Victoria se puso de pie mientras angustia invadía. Había encontrado una dulce venganza al
meterse con Ruka de forma en que lo había hecho, pero prisa duró poco y todavía no podía tener a
Ren para e s. Al final del día. Ruka podría haberse ido, pero Victoria se sentíao mayor
perdedora.
Mientras tanto, Ruka caminó por acera mientras agarraba una bolsa más peque?a. E había dejado
su trabajo. pero fueo si le hubieran quitado un gran peso de encima.
Mientras caminaba, decidió que iba a mar a Ren y contarle sobre esto.
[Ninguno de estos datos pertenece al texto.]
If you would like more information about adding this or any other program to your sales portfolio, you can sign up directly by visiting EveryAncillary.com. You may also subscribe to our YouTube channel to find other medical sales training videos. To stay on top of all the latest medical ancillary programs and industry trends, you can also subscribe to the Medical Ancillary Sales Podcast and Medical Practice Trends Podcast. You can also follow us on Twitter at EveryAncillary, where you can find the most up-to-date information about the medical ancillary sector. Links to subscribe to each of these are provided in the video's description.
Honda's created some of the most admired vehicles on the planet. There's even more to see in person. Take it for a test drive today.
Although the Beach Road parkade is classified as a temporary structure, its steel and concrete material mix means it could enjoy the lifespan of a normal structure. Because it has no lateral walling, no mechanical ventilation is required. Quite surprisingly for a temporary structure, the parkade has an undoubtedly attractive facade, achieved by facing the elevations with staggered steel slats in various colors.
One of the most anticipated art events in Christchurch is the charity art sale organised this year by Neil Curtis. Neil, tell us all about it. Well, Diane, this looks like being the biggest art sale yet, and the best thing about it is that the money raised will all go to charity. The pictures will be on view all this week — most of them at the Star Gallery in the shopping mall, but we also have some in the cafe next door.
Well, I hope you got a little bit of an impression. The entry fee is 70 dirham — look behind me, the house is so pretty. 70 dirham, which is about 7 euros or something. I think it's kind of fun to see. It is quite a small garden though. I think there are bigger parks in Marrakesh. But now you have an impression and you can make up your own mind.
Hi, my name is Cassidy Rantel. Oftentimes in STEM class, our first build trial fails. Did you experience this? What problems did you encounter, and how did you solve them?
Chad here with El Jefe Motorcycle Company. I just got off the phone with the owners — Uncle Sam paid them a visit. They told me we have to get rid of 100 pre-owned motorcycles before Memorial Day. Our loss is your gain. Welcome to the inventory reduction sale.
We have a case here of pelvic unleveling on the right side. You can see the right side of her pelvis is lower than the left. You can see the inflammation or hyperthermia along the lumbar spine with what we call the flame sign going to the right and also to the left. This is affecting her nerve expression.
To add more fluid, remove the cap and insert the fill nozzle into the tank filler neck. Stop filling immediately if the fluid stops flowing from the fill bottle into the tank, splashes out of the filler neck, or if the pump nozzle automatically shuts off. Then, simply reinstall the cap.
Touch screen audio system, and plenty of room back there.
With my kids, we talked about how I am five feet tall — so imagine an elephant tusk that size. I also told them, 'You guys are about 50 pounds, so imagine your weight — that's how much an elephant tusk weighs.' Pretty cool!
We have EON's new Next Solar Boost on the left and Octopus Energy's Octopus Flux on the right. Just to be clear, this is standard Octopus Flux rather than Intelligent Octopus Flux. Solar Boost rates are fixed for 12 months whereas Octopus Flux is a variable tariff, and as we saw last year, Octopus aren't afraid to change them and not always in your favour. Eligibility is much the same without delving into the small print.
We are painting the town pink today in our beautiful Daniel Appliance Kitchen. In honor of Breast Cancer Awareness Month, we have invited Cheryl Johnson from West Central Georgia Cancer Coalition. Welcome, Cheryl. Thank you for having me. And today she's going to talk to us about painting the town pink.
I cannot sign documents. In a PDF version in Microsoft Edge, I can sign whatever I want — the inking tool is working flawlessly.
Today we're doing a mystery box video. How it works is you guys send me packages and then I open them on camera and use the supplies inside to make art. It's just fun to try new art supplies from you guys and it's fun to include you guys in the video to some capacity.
Sacó su teléfono de su bolso y
encontró el camino hacia el parque, luego se sentó en un banco mientras maba a su número.
Su voz ronca y magnética llenó otra línea inmediatamente después de contestar. “?H?”
“?Estás ocupado?” Ruka preguntó.
Content ? provided by N?velDrama.Org.
“No, voy de regreso a casa”.
“Tengo algo que decirte”, dijo abiertamente. “Renuncie a mi trabajo.”
“?Por qué hiciste eso?” Luego, preguntó con frialdad: “?Alguien te obligó?”
Si bien Ruka ticamente se vio obligada a renunciar, no quería que él se metiera con Victoria por
esto, por lo que optó por evadir su pregunta diciendo: “Decidí renunciar por mi cuenta”.
“?Dónde estás ahora?”
“Paseando por el parque. Volveré a casa de mis padres en un rato”, respondió e.
“Haré que alguien te recoja”.
“?Y a dónde voy a ir?”
“Para verme.”
E también tenía muchas ganas de verlo, así que asintió y dijo: “Está bien, entonces. Te enviaré mi
ubicación”.
Veinte minutos más tarde, se deslizó en el asiento trasero del coche que Ren le había enviado. Pronto,
el automóvil salió del bullicioso paisaje urbano y entró en un área bien protegida.
Ruka vio a Ren inmediatamente cuando llegó a una casa de té. Estaba sentado en una mesa
ornamentada que parecía datar de los viejos tiempos, haciéndolo parecer un príncipe o un rey mientras
revisaba sus documentos.
Junto a él, Elijah lo ayudaba a ordenar el papeleo. Cuando registró llegada de Ruka, sonrió y saludó
cortésmente: “Se?orita Singed, tome asiento”.